A good overview of the complexity of his views on both
religion and theology can be found on the Wikipedia page on Clarke’s life:
Themes of religion and spirituality appear in much of
Clarke's writing. He said: "Any path to knowledge is a path to God—or
Reality, whichever word one prefers to use."[105]
[Mintowt-Czyz, Lech (19 March 2008). "Sir
Arthur C. Clarke: The Times obituary". The Times. London.
Retrieved 6 August 2008.]
And:
He described himself as
"fascinated by the concept of God". J.
B. S. Haldane, near the end of his life, suggested in a personal letter to
Clarke that Clarke should receive a prize in theology for being one of the few
people to write anything new on the subject, and went on to say that if
Clarke's writings did not contain multiple contradictory theological views, he
might have been a menace.[106]
[Clarke, Arthur C. (1999) [1991]. "Credo". Greetings, Carbon-Based
Bipeds!. First appearing in Living Philosophies, Clifton Fadiman,
ed. (Doubleday). New York: St. Martin's Griffin. pp. 358–363. ISBN
978-0-312-26745-2. Retrieved 8
January 2010.]
I think Haldane was right about how dangerous some of his
ideas were, and that he often contradicted himself on matters of theology
outside the scope of science. The following illustrates how he occupied
different intellectual spaces from early on in his life, and right up to the
end:
When he entered the Royal Air Force, Clarke
insisted that his dog tags be marked "pantheist"

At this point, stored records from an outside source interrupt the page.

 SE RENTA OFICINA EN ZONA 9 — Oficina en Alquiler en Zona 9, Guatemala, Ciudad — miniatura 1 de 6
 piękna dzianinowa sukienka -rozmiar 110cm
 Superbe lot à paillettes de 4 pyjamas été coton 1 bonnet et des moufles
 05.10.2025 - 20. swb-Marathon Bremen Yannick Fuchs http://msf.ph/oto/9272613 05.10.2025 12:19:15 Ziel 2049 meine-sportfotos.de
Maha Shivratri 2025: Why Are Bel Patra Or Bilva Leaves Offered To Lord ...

rather than the default, Church
of England,[43]
and in a 1991 essay entitled "Credo", described himself as a logical positivist from the age of ten.[106]

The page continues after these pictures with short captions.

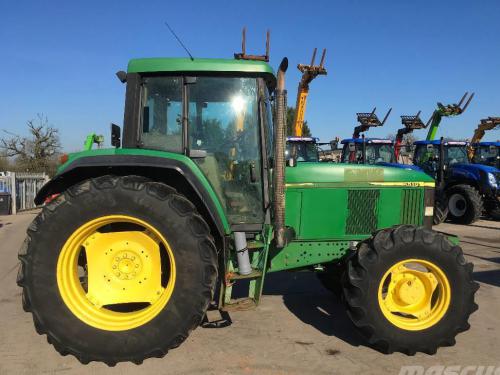 John Deere 6510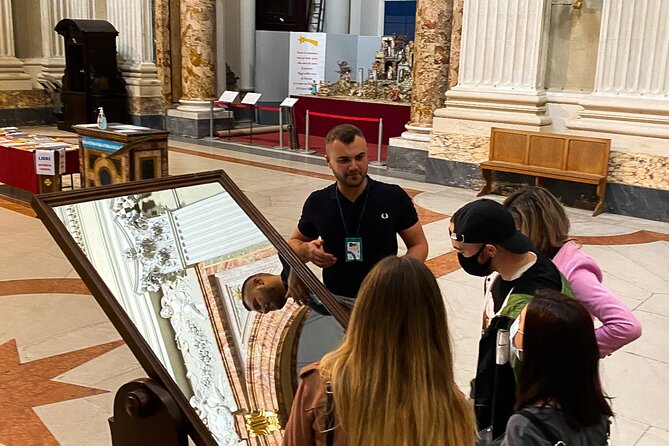 Wonders of Rome Walking Tour - Guides Professionalism and Adaptability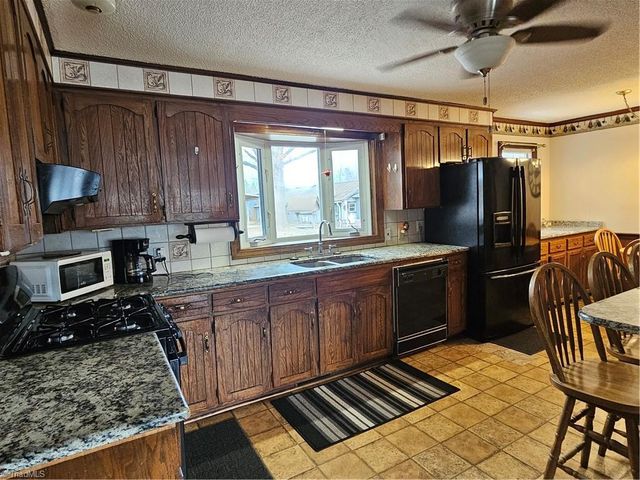 930 Walker Street, Reidsville, NC 27320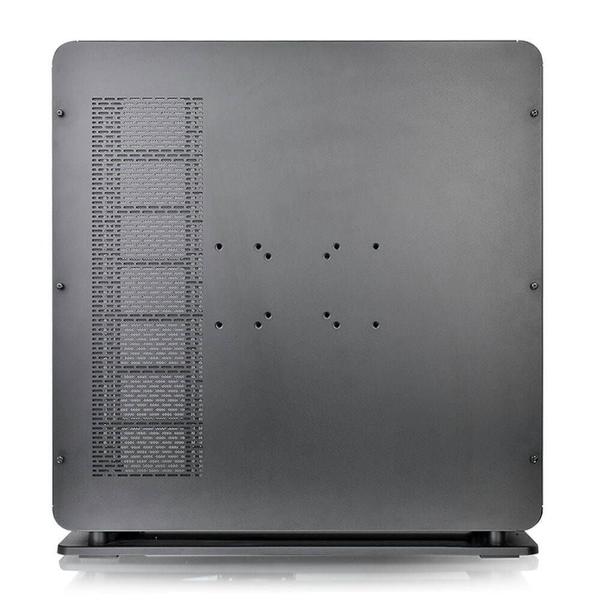 Imagem de Gabinete Core P8 TG Wall Mount Preto TT - CA-1Q2-00M1WN-00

In 2000, Clarke told the Sri Lankan newspaper, The Island, "I
don't believe in God or an afterlife, [107]
and he identified himself as an atheist.[108]
He was honoured as a Humanist Laureate in the International Academy of
Humanism.[109]
He has also described himself as a "crypto-Buddhist", insisting that Buddhism is
not a religion.[110]
So he was characterising
himself as a pantheist at the time he joined the Royal Air Force in WW2, but in
1991 he says in ‘Credo’ that he was a ‘logical positivist’ from the age of ten.

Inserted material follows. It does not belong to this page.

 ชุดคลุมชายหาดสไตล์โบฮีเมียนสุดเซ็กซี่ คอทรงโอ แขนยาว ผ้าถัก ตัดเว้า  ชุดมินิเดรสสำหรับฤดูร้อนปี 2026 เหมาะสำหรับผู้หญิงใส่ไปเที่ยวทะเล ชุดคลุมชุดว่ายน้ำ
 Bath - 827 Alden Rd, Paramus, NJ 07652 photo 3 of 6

Is this possible? It’s a contradiction, but I think it is possible that both
characterisations are true. He was a mathematician and a scientist, which
doesn’t preclude an interest in profound questions about the nature of the
universe and reality, which are less amenable to purely rational answers. We
will come back to the ‘crypto-Buddhism' later.
In saying that he was a
pantheist in his early twenties, I think he was indicating that he was already
making an equation between theology, the divine, and the nature of reality
itself. Those of a mathematical bent sometimes do, since the mathematics of the
physical world reveal something of how reality works behind the physical
representation of it. But if you are going to investigate reality itself
through mathematics, you need to stick close to the evidence. To that extent he
was a logical positivist for the whole of his life.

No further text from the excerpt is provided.